In recent years the issue of health insurance fraud in India has surged into the spotlight. According to a new joint report by Boston Consulting Group (BCG) and Medi Assist Healthcare Services, the country’s health-insurance ecosystem is losing about ₹8,000-10,000 crore each year due to fraud, waste and abuse (FWA).
These leakages are straining insurer profitability, driving up premiums and undermining trust in the system.
Key Figures & Trends
- The estimate of ₹8,000-10,000 crore annual leakage comes from the BCG-Medi Assist study
- The gross written premium of the health-insurance market is about ₹1.27 lakh crore in 2025, and projected to grow to roughly ₹2.6-3 lakh crore by 2030
- The report identifies that roughly 90% of claims are “risk-free”, about 2% are confirmed fraudulent, and the remaining ~8% lie in a grey zone of abuse/inefficiency which presents the biggest opportunity for improvement.
- Fraud risk is particularly high in “mid-ticket” claims: claims in the range of ₹50,000 to ₹2.5 lakh show higher incidence of misuse.
- Claims below ₹50,000 are also emerging as fraud hotspots because paperwork is minimal and checks are weaker.
Why It’s Happening: Root Causes of Health Insurance Fraud India
Fragmented systems & weak controls
Data systems across payers, providers, third-party administrators (TPAs) and hospitals remain fragmented. The absence of standardised billing codes, weak authentication and insufficient cross-checks allow abuses to flourish.
Incentive misalignment & lack of deterrence
When mid-ticket claims are easy to manipulate, the incentives favour small-scale fraud. With limited audits and weak penalties, the deterrence is low
Rising claim sizes & healthcare inflation
The average claim size has jumped about 40% in five years, partly due to healthcare cost inflation (12-14% annually, possibly higher). This amplifies the effect of even modest levels of abuse.
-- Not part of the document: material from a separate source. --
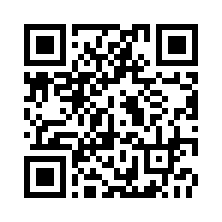 QR Code for 3B8tJaKerN9qAzN9fFzPnFecB6bW2UetSH
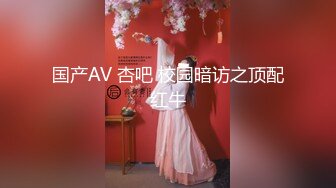 清纯风臊女护士,穿着医院工作服给男友口,吃完主动坐上去,看看胸前标识是哪家医院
Impacts of Health Insurance Fraud India
- Higher premiums: Insurers pass on costs of fraud to policy-holders in the form of higher premiums, reducing affordability.
- Reduced insurer margins: With persistent leakage, profitability is constrained; the report suggests that a 50% reduction in FWA could lift profitability by ~35%.
- Undermined public trust: When genuine claimants face stricter checks because of rising fraud, the trust in insurance models erodes.
- Out-of-pocket burden: As insurers tighten scrutiny, some legitimate claims may be delayed or rejected, increasing out-of-pocket payments by households.
What Must Change: Measures to Curb Health Insurance Fraud India
The report outlines a three-pillar framework: Prevention, Detection, and Deterrence. Key recommended actions:
- Standardised medical coding & shared data-ecosystems: Align claims, hospitals and TPAs via unified codebooks and integrated platforms such as Ayushman Bharat Digital Mission (ABDM) and the National Health Claim Exchange (NHCX) for real-time verification.
- AI and automation: Use anomaly-detection, predictive analytics, generative-AI to flag suspicious claims and shift from retrospective audits to real-time prevention.
- Stronger regulatory and legal frameworks: Include fraud monitoring committees in insurers, shared intelligence repositories, clearer deterrence mechanisms and criminal liability for deliberate fraud.
- Targeting the “grey zone” (~8% of claims): Efficiently reduce the area of ambiguous abuse rather than focusing only on large fraud cases.
Outlook for India’s Health Insurance Market
With the market projected to double in size by 2030, tackling fraud is not optional — it is critical for sustaining growth. If losses continue unchecked, the sector may face:
- Rising premiums that hinder insurance penetration
- Smaller-ticket insurers dropping out or becoming unviable
- Slower adoption of health-insurance products by consumers
Conversely, effective implementation of fraud-control strategies could accelerate growth, improve profitability and bolster trust.
Final Thoughts
Health insurance fraud in India has graduated from being an occasional issue to a systemic threat — draining up to ₹10,000 crore annually from the system. A shift toward integrated data, smart detection and regulatory reform is urgently needed. For insurers, policy-holders and the health ecosystem at large, addressing health insurance fraud in India means lower premiums, better access and stronger financial sustainability.